(The problem):
Please copy the lines below exactly, from the first one through the line showing "Höstvandring runt Boarddemassivet (1)".

(Supplied information):
============
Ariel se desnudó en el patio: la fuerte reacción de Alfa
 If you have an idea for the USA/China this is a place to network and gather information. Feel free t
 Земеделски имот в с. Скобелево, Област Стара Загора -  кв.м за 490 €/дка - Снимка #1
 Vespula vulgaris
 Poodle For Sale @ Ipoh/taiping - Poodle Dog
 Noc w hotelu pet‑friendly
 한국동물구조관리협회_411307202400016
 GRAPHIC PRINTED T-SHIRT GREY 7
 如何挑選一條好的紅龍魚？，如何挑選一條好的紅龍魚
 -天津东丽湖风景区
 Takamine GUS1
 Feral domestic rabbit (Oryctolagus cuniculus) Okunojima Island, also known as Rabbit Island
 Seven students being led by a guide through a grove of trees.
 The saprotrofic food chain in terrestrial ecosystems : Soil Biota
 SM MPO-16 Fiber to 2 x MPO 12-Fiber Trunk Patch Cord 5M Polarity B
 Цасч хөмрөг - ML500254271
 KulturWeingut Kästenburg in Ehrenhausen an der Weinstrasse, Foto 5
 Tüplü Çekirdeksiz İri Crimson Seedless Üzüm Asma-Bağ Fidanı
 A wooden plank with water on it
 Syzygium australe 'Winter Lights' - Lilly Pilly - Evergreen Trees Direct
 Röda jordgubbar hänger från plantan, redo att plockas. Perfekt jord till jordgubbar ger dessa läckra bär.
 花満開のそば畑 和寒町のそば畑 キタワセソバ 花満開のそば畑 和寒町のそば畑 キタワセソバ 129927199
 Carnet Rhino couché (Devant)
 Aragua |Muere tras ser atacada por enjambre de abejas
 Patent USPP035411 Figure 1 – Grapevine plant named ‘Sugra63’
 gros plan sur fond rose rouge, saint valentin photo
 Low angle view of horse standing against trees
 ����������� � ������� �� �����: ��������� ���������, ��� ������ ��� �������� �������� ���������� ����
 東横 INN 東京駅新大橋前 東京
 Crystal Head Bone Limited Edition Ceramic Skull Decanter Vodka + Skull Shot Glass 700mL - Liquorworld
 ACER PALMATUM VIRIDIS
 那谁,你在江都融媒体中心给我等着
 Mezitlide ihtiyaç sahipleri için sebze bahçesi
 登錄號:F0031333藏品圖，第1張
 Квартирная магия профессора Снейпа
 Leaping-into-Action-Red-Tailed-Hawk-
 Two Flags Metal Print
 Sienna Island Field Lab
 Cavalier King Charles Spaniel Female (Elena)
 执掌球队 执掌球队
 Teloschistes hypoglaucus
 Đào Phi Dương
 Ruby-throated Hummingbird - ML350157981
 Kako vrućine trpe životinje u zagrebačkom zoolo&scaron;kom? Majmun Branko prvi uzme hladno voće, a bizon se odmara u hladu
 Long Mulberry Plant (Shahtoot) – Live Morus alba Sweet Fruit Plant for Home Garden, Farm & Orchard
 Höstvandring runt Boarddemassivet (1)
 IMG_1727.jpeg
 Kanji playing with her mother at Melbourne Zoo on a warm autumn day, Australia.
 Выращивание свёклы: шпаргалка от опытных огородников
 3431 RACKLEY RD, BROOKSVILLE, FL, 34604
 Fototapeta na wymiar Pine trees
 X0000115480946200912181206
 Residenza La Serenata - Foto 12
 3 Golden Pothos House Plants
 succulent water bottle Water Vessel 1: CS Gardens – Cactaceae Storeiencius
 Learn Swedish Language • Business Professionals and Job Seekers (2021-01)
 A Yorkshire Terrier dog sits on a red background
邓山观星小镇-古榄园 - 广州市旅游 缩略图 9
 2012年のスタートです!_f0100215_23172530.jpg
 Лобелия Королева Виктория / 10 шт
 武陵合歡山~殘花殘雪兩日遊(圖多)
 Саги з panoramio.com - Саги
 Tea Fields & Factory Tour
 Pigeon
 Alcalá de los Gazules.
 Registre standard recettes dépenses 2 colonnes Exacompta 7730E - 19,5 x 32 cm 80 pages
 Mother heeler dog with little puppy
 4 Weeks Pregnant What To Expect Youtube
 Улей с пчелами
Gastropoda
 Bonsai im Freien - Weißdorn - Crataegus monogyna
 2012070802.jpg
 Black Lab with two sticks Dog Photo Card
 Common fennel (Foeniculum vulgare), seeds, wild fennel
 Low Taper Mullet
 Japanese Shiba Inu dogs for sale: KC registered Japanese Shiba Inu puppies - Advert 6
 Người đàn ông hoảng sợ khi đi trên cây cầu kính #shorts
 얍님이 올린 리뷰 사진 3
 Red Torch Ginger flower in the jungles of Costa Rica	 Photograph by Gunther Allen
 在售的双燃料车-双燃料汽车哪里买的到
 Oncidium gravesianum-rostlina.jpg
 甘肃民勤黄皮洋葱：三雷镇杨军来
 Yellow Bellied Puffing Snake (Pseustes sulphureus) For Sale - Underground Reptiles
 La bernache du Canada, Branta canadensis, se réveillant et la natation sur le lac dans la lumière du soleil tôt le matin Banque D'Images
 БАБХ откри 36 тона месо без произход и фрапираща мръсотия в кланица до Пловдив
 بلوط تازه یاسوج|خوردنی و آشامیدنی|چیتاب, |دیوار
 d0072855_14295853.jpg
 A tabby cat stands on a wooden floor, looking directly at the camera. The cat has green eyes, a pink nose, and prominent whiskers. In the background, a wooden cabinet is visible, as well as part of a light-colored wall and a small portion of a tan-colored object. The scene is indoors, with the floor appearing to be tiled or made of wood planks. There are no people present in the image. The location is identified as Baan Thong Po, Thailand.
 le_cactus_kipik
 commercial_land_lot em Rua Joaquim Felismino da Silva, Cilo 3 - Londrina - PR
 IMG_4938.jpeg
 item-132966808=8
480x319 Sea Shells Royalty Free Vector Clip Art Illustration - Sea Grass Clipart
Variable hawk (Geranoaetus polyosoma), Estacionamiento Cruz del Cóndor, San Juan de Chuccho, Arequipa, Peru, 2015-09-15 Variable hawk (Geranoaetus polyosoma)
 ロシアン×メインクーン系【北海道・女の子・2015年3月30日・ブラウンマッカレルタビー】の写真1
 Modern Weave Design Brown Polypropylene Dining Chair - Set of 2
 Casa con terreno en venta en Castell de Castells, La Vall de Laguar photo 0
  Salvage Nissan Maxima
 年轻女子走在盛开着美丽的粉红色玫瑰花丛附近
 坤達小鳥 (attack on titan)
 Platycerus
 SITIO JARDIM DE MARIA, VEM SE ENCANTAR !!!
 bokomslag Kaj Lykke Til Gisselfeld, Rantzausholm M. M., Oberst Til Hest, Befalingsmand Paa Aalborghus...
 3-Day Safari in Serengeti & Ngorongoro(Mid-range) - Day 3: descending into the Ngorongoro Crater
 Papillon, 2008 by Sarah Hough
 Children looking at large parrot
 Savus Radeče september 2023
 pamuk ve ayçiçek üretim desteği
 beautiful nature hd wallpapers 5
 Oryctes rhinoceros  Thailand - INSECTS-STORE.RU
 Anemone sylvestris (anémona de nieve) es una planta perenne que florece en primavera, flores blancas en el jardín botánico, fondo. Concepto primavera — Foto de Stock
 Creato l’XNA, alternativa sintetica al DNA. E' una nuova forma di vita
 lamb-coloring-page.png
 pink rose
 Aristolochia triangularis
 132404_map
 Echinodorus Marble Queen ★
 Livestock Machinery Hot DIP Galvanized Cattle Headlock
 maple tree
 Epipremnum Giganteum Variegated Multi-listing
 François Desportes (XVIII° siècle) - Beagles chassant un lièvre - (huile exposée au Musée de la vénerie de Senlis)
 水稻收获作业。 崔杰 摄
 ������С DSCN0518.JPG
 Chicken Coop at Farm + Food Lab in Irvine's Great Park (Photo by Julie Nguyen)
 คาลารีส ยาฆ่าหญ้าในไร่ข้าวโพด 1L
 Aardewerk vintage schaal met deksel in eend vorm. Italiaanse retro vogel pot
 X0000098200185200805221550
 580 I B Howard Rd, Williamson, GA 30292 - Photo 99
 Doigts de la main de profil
============
(Result of this exercise):
Ariel se desnudó en el patio: la fuerte reacción de Alfa
 If you have an idea for the USA/China this is a place to network and gather information. Feel free t
 Земеделски имот в с. Скобелево, Област Стара Загора -  кв.м за 490 €/дка - Снимка #1
 Vespula vulgaris
 Poodle For Sale @ Ipoh/taiping - Poodle Dog
 Noc w hotelu pet‑friendly
 한국동물구조관리협회_411307202400016
 GRAPHIC PRINTED T-SHIRT GREY 7
 如何挑選一條好的紅龍魚？，如何挑選一條好的紅龍魚
 -天津东丽湖风景区
 Takamine GUS1
 Feral domestic rabbit (Oryctolagus cuniculus) Okunojima Island, also known as Rabbit Island
 Seven students being led by a guide through a grove of trees.
 The saprotrofic food chain in terrestrial ecosystems : Soil Biota
 SM MPO-16 Fiber to 2 x MPO 12-Fiber Trunk Patch Cord 5M Polarity B
 Цасч хөмрөг - ML500254271
 KulturWeingut Kästenburg in Ehrenhausen an der Weinstrasse, Foto 5
 Tüplü Çekirdeksiz İri Crimson Seedless Üzüm Asma-Bağ Fidanı
 A wooden plank with water on it
 Syzygium australe 'Winter Lights' - Lilly Pilly - Evergreen Trees Direct
 Röda jordgubbar hänger från plantan, redo att plockas. Perfekt jord till jordgubbar ger dessa läckra bär.
 花満開のそば畑 和寒町のそば畑 キタワセソバ 花満開のそば畑 和寒町のそば畑 キタワセソバ 129927199
 Carnet Rhino couché (Devant)
 Aragua |Muere tras ser atacada por enjambre de abejas
 Patent USPP035411 Figure 1 – Grapevine plant named ‘Sugra63’
 gros plan sur fond rose rouge, saint valentin photo
 Low angle view of horse standing against trees
 ����������� � ������� �� �����: ��������� ���������, ��� ������ ��� �������� �������� ���������� ����
 東横 INN 東京駅新大橋前 東京
 Crystal Head Bone Limited Edition Ceramic Skull Decanter Vodka + Skull Shot Glass 700mL - Liquorworld
 ACER PALMATUM VIRIDIS
 那谁,你在江都融媒体中心给我等着
 Mezitlide ihtiyaç sahipleri için sebze bahçesi
 登錄號:F0031333藏品圖，第1張
 Квартирная магия профессора Снейпа
 Leaping-into-Action-Red-Tailed-Hawk-
 Two Flags Metal Print
 Sienna Island Field Lab
 Cavalier King Charles Spaniel Female (Elena)
 执掌球队 执掌球队
 Teloschistes hypoglaucus
 Đào Phi Dương
 Ruby-throated Hummingbird - ML350157981
 Kako vrućine trpe životinje u zagrebačkom zoolo&scaron;kom? Majmun Branko prvi uzme hladno voće, a bizon se odmara u hladu
 Long Mulberry Plant (Shahtoot) – Live Morus alba Sweet Fruit Plant for Home Garden, Farm & Orchard
 Höstvandring runt Boarddemassivet (1)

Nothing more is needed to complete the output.